Hacía ya tiempo que la guerra de Troya había acabado. Los griegos habían vuelto a su tierra después de vencer a los troyanos.
Sin embargo, Ulises, cuyo nombre en griego era Odiseo, uno de los mejores guerreros griegos y el más astuto, no había llegado aún a la hermosa isla de Ítaca, donde le estaban esperando desde hacía años Penélope, su mujer, y Telémaco, su hijo.
Y es que la ninfa Calipso retenía en la isla Ogigia a Ulises, convencida de que con el tiempo accedería a casarse con ella. Ulises lloraba de rabia, porque no veía el momento de volver a su tierra y abrazar a su mujer. Pero ¿cómo salir de la isla si no había ninguna barca en ella?
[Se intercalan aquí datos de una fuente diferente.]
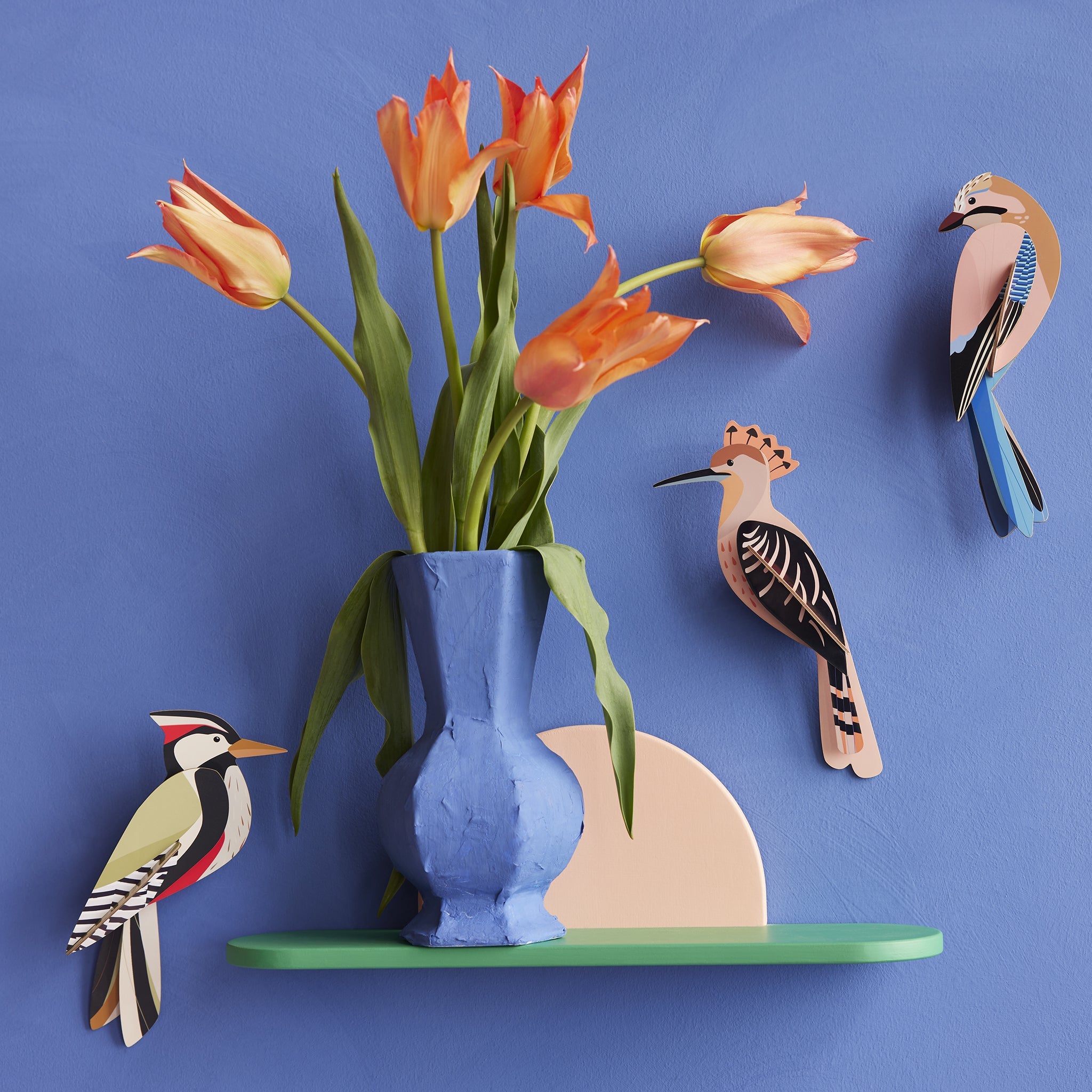 Kit de bricolage Pivert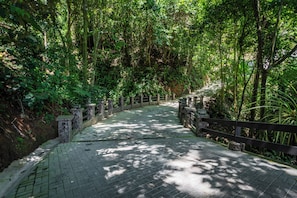 A paved pathway flanked by stone railings, surrounded by dense greenery and trees. - Casa Horizonte Azul. Where the jungle ends and the blue begins in Dominical CR (Savegre de Aguirre)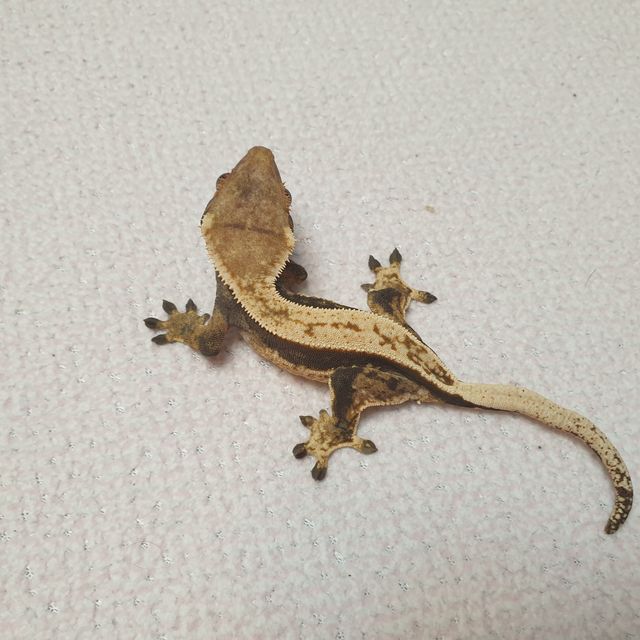 풀핀 다크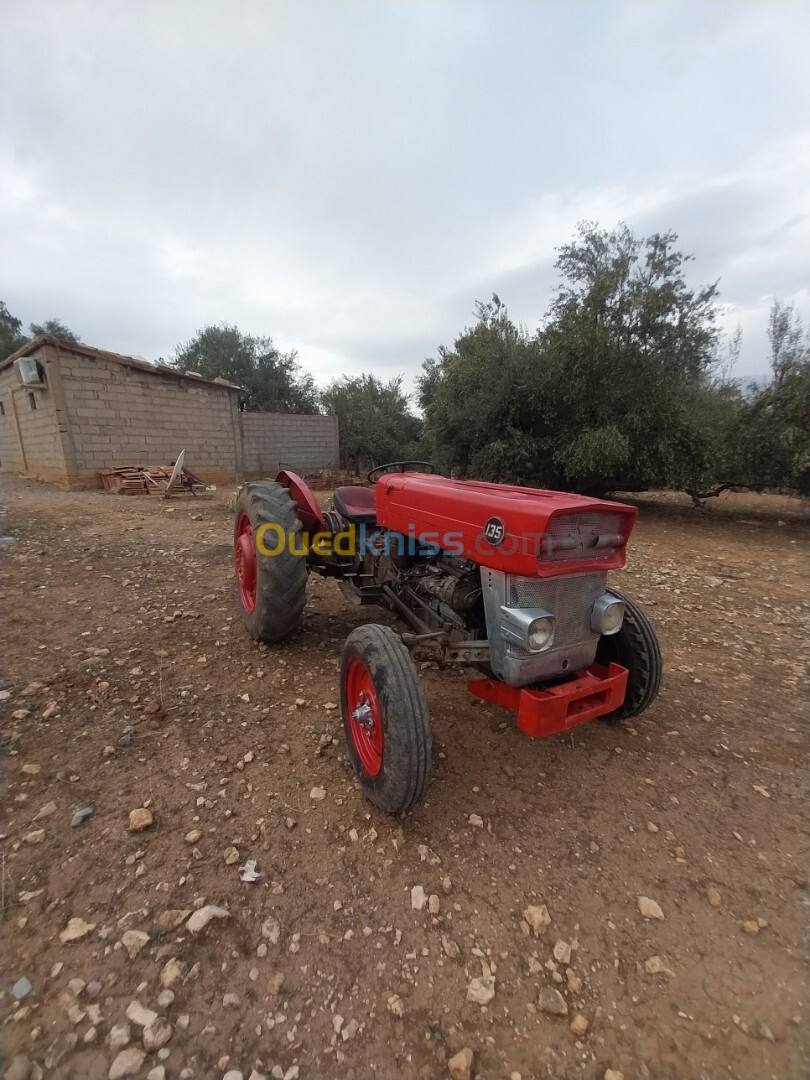 magique massey ferguson 145 1960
La isla Ogigia estaba en el centro del mar, azotada por el viento, y tenía árboles muy altos. En una gruta de aquella isla vivía la hermosa Calipso, hija del gigante Atlante, el que sostenía con sus hombros la esfera del cielo.
En el Olimpo, por supuesto, todos los dioses conocían la situación de Ulises y a ninguno le gustaba, salvo a Poseidón, el dios del mar, que estaba muy enfadado con el héroe porque había vencido a su hijo, el gigantesco cíclope… Pero ésa es una historia que contaré más adelante.
La que estaba más preocupada por Ulises era Atenea, la diosa de ojos verdes, porque le quería mucho.
Un día que Poseidón se había ido a Egipto, Atenea aprovechó su ausencia para pedirle a su padre Zeus, el dios de los dioses, que tuviera lástima de Ulises y le ayudase a salir de la isla Ogigia y a volver a su tierra.
Le pidió que enviara allá al dios Hermes, su mensajero, para decirle a Calipso que dejara marchar a Ulises. Mientras tanto ella iría a Ítaca a dar ánimos a Telémaco. Le diría que fuera a Esparta a buscar noticias de su padre al tiempo que se daba a conocer por otras tierras.
Y a Zeus le pareció bien lo que le pedía su hija.